What you can actually do

  1. Push for flexible interconnection, not bans. The Duke work shows the grid could integrate substantially more large load if data centers accept modest curtailment (~0.5% per year). That doesn’t make the rest of the integration problem trivial obviously, but it does change the policy conversation from “build more gas” to “design better tariffs.” Demand-response programs and large-load flexibility tariffs are the lever. Most state legislatures don’t have one. They should.
  2. Track gas plant approvals in your state. Every new gas plant justified by AI demand locks in 30-40 years of fossil generation. State PUCs approve these and, don’t forget, they run public hearings!
  3. Subscribe to a green tariff or community solar. Hyperscalers are buying up the clean energy supply that should be cheap and available for households. Demand-side pressure on utility green tariff offerings matters more than you realize.
  4. Don’t let “AI is bad for the planet” become an excuse for status quo gas. The honest fight isn’t AI vs. no-AI, it’s which energy gets built next.

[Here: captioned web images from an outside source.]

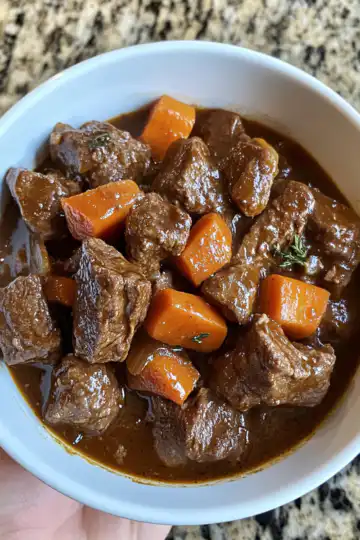 Guinness beef stew taken with iphone 15 pro max --iw 2 --ar 4:5 --v 6.1 --raw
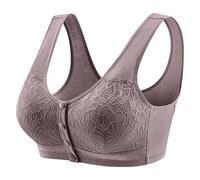 -BHS für ältere Frauen, 3er-, Frontverschluss bequeme BHS für den Alltag Sport-BH mit Bügel und Knopfleiste vorne für Damen Brüste Umstanddehalber Abzu geben, morado, M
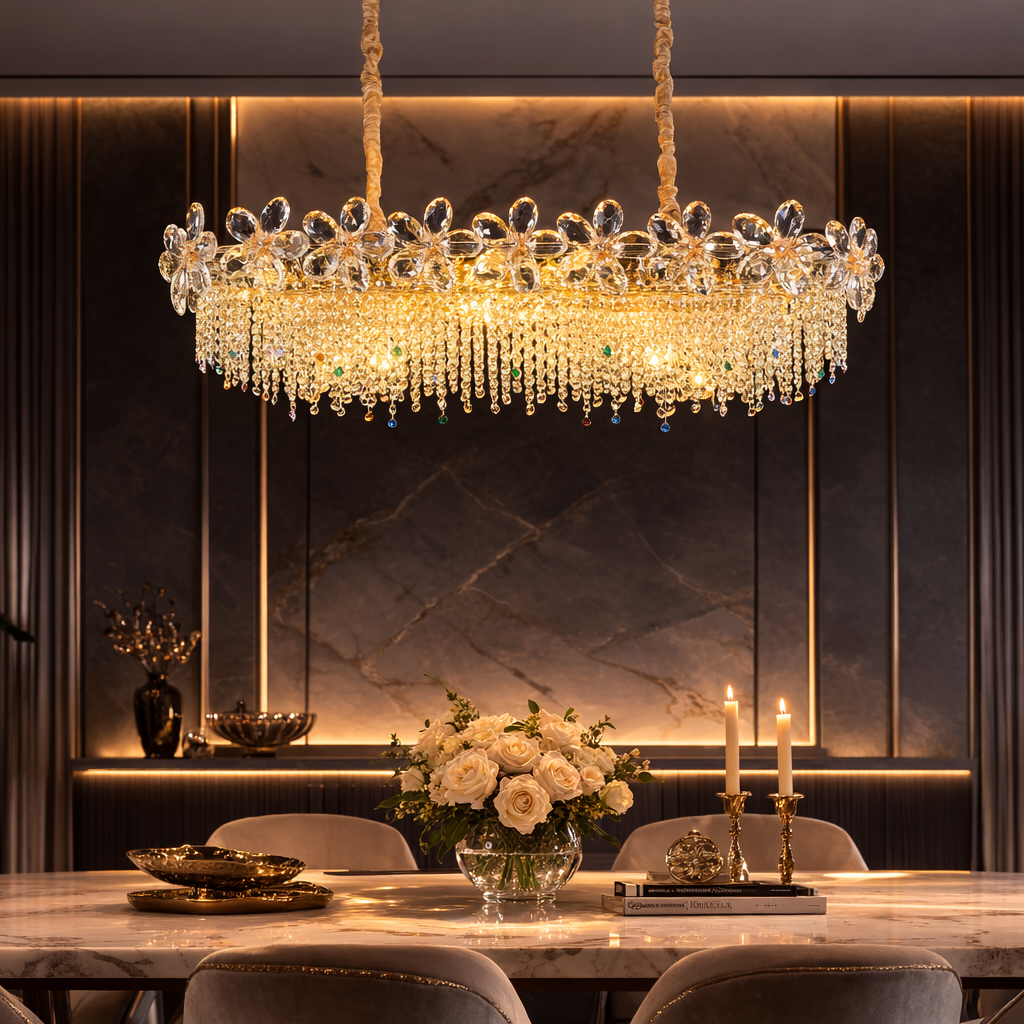 Crystal Chandelier 20xE14, BLOSSOM Imperio 100x40cm, Shiny Gold, Ρυθμιζόμενο ύψος, Metal and Crystal Crystal Chandeliers Προεπιλεγμένος τίτλος Alessandro Design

We need to make that fight harder for the gas-plant developers than for the solar and nuclear ones.

Where this leaves me

The prevalence of AI services in my workday isn’t going anywhere anytime soon. The discourse where one camp says “you murder a tree every time you ask Claude to help you draft a Slack message” and another camp says “the environmental concerns are made up by Luddites” is exhausted and wrong on both ends.

A single query is trivial. The aggregate buildout is real, is costing everyone money on their power bill right now, is concentrated in communities that can least defend themselves, and is producing the largest expansion of US nuclear since the 1980s (alongside an unconscionable wave of new gas plants). There is no neat narrative, there is only what is happening.

Stop quoting the water bottle and start showing up to the rate case.